Offroad light mounting positions?

Mikedoubleu

New member
I couldn't really find anything on this.
It's probably a really simple answer, I'd just like to hear some thoughts on it.

I recently purchased a 20" led light bar in spot.

I was just curious about the pros and cons of mounting as high as possible or as low as possible and why.

Here's the light


I already have some pretty good side lighting.


And rear.


Here's the truck.


I was thinking of mounting that new 20" light bar on the upper portion of the camper overhang but looking at the mounts it's not going to allow me to mount it on that angle. So I thought I would mount it on the flat of the roof of the camper.
I'm not too worried about low branches or anything as I don't take the truck that deep into the bush.
I figured up high will also make it a real pain steal.

Any thoughts?

Thanks.
 

Ozarker

Explorer
What's the use of the light to the front? Driving, parked lighting up the camp?
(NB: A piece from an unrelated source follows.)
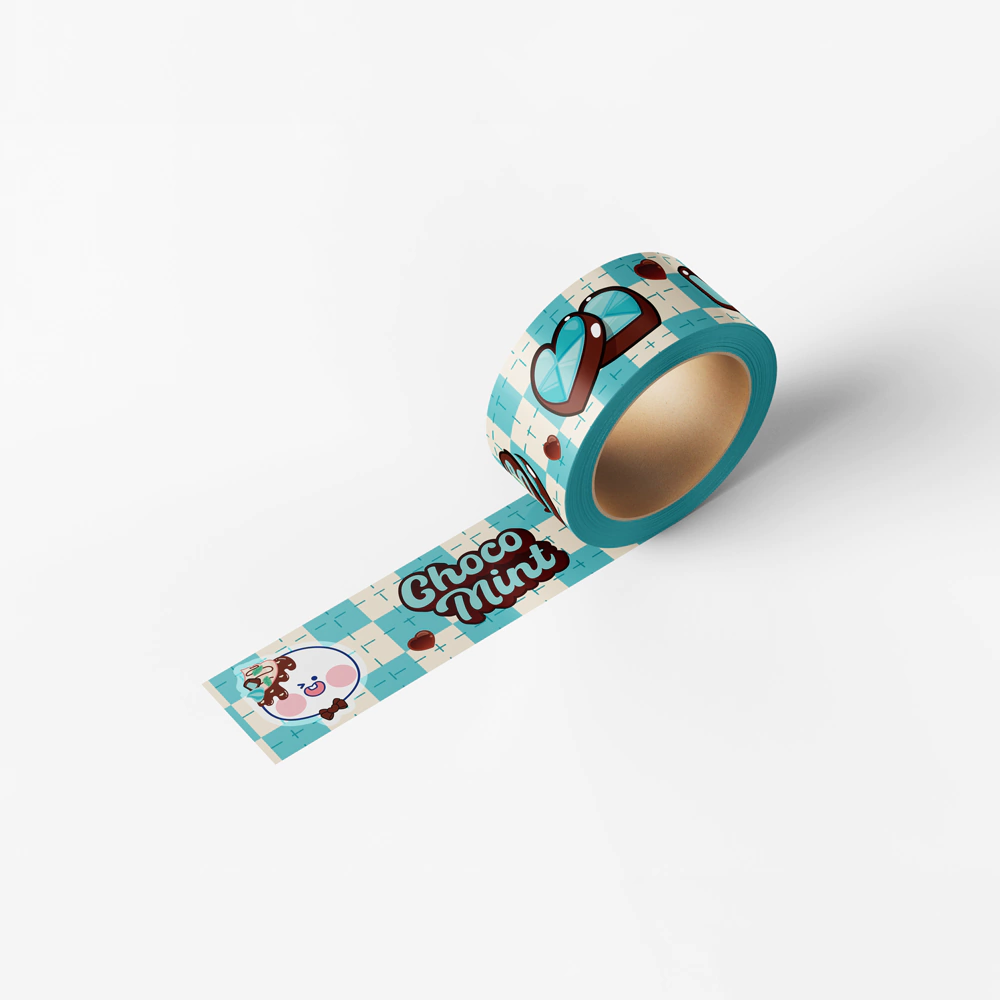 Kipo & Suni Sweet Squad Washi Tape - Image 4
Take a pic from behind the light showing the area lighted and at either side, that should show the light pattern.

Will it mount under the overhang above the cab, it would be hard to steal there.

Before mounting lights I'd have someone hold them at different positions and sit in the drivers seat to see the effects and figure out how to attach them based on the performance. Check with headlights on and off as well to see the difference.

Sawing 30 degrees I assume is the horizontal angle, think about glare produced for the driver, reflective weather conditions.

High up is not always the best position, depends on the light pattern thrown and use.

Just lighting up a camp or general work light, they work better above eye level, otherwise you're looking into a blinding light walking toward the vehicle. For that I used a florescent with a remote switch, very handy when it was time for lights out. Good to pull stunts on others too.

I kinda snicker when I see big lights set on the roof just above the driver's front, in poor weather, rain, snow and fog it reflects right back at you, in such conditions lower positioned lighting is better with good pencil beams, they look cool but may not be that functional.

I also hook up driving lights to the headlight as required by law, but a separate switch allows the use with high beams or alone if off road. :)
 

Mikedoubleu

New member
Thanks for the reply.

The light will be used just for back road driving, not for parked lighting, I have that covered. I don't really need extra light I just like it. :p

I have a pair or rigid dually d2's that will probably get mounted in the grill of the truck also, I just haven't decided yet.

I'll be hooking this light bar up to the high beam switch in the truck, to be able to quickly shut it off for oncoming trail goers. It will also have a second switch to deactivate it on public roads.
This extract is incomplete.